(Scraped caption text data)
= = = =
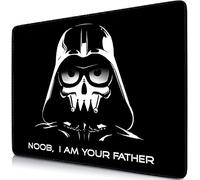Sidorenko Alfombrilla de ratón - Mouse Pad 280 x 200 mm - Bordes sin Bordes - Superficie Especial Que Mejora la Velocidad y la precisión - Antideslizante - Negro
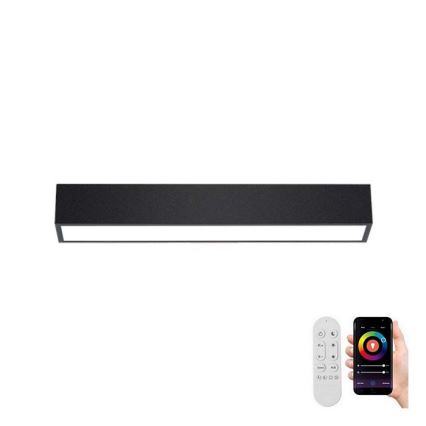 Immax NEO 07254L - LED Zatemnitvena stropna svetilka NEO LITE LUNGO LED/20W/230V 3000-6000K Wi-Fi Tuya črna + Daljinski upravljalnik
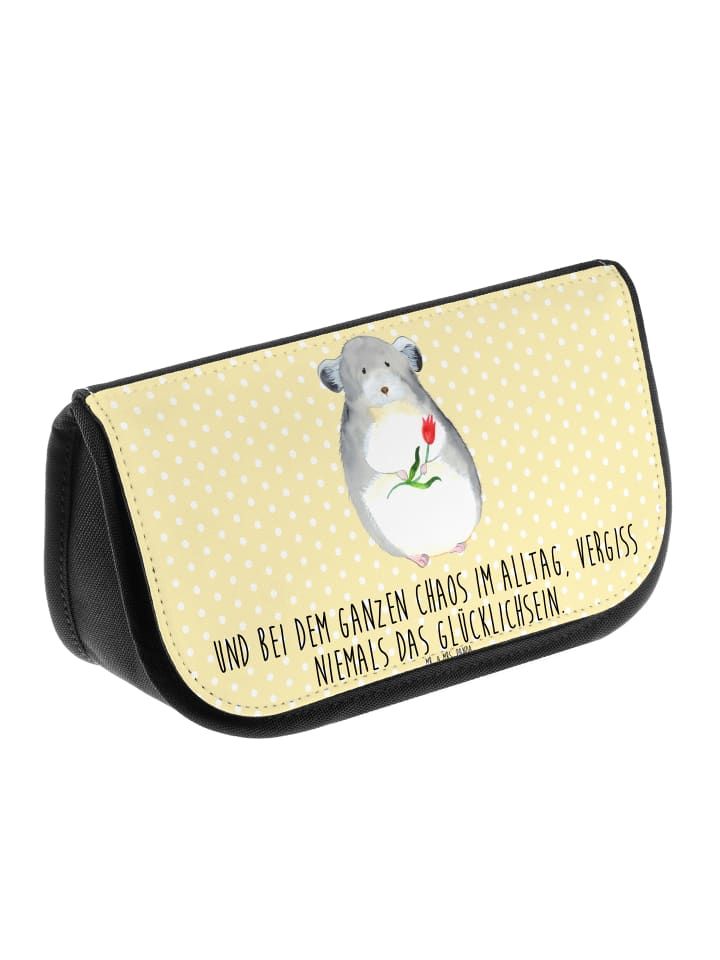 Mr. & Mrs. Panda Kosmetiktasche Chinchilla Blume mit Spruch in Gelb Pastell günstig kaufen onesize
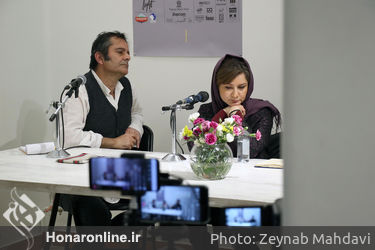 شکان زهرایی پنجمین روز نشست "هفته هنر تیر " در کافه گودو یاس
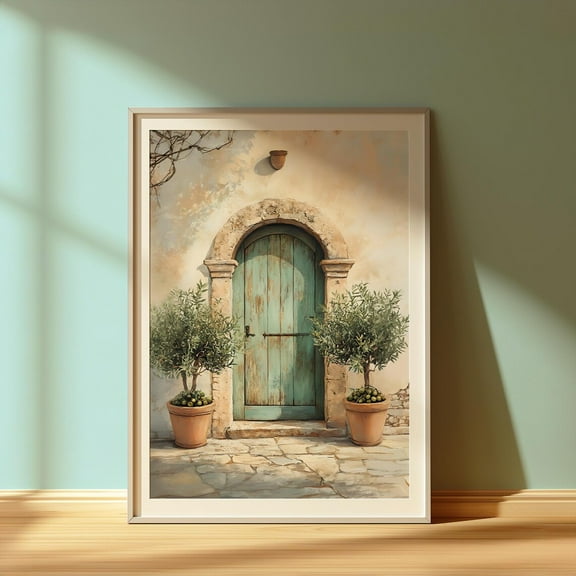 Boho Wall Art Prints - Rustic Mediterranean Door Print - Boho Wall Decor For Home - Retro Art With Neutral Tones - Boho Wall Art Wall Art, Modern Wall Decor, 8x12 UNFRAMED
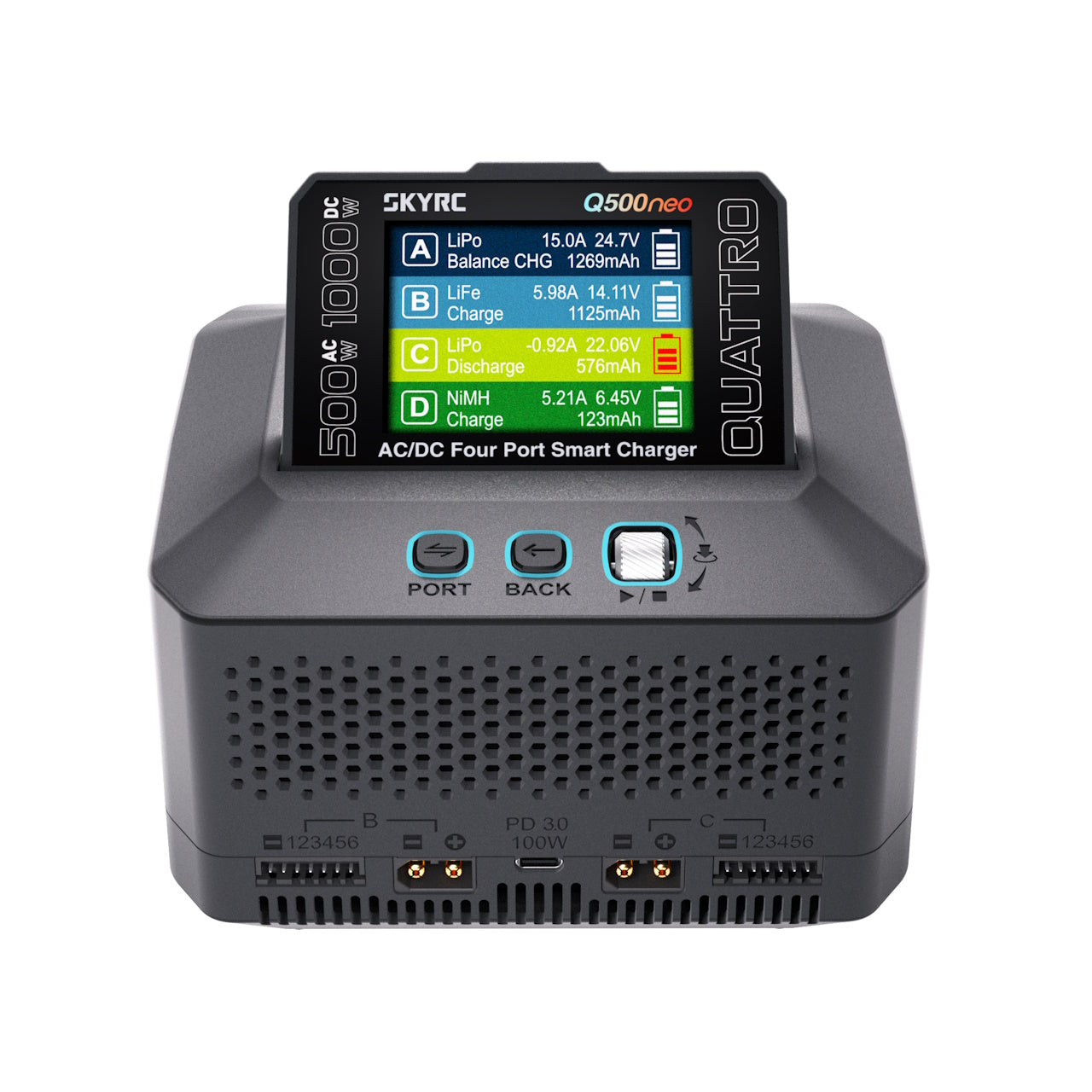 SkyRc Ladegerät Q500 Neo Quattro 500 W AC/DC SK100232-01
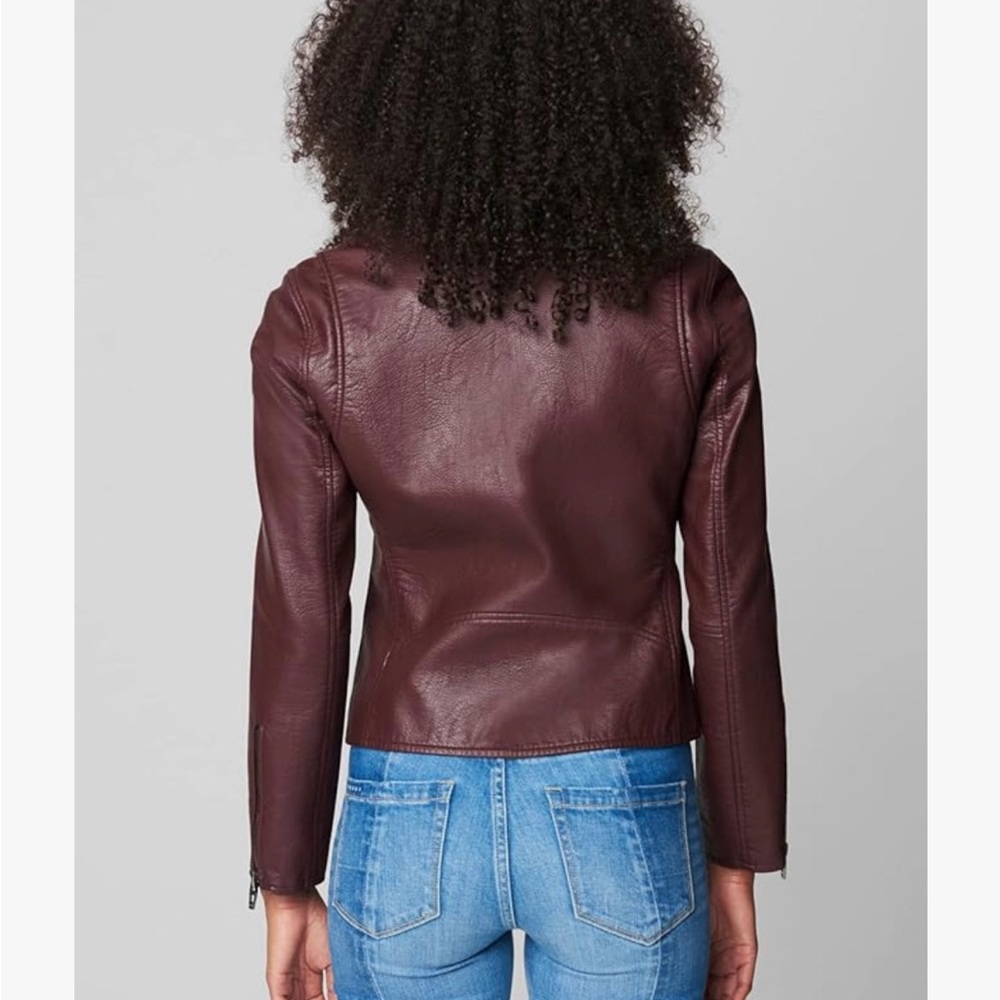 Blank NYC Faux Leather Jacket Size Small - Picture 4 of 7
= = = =
Return verbatim every line from the line containing "Immax NEO 07254L" to the last line of the entries above, inclusive, and leave out the pictures.

 Immax NEO 07254L - LED Zatemnitvena stropna svetilka NEO LITE LUNGO LED/20W/230V 3000-6000K Wi-Fi Tuya črna + Daljinski upravljalnik
 Mr. & Mrs. Panda Kosmetiktasche Chinchilla Blume mit Spruch in Gelb Pastell günstig kaufen onesize
 شکان زهرایی پنجمین روز نشست "هفته هنر تیر " در کافه گودو یاس
 Boho Wall Art Prints - Rustic Mediterranean Door Print - Boho Wall Decor For Home - Retro Art With Neutral Tones - Boho Wall Art Wall Art, Modern Wall Decor, 8x12 UNFRAMED
 SkyRc Ladegerät Q500 Neo Quattro 500 W AC/DC SK100232-01
 Blank NYC Faux Leather Jacket Size Small - Picture 4 of 7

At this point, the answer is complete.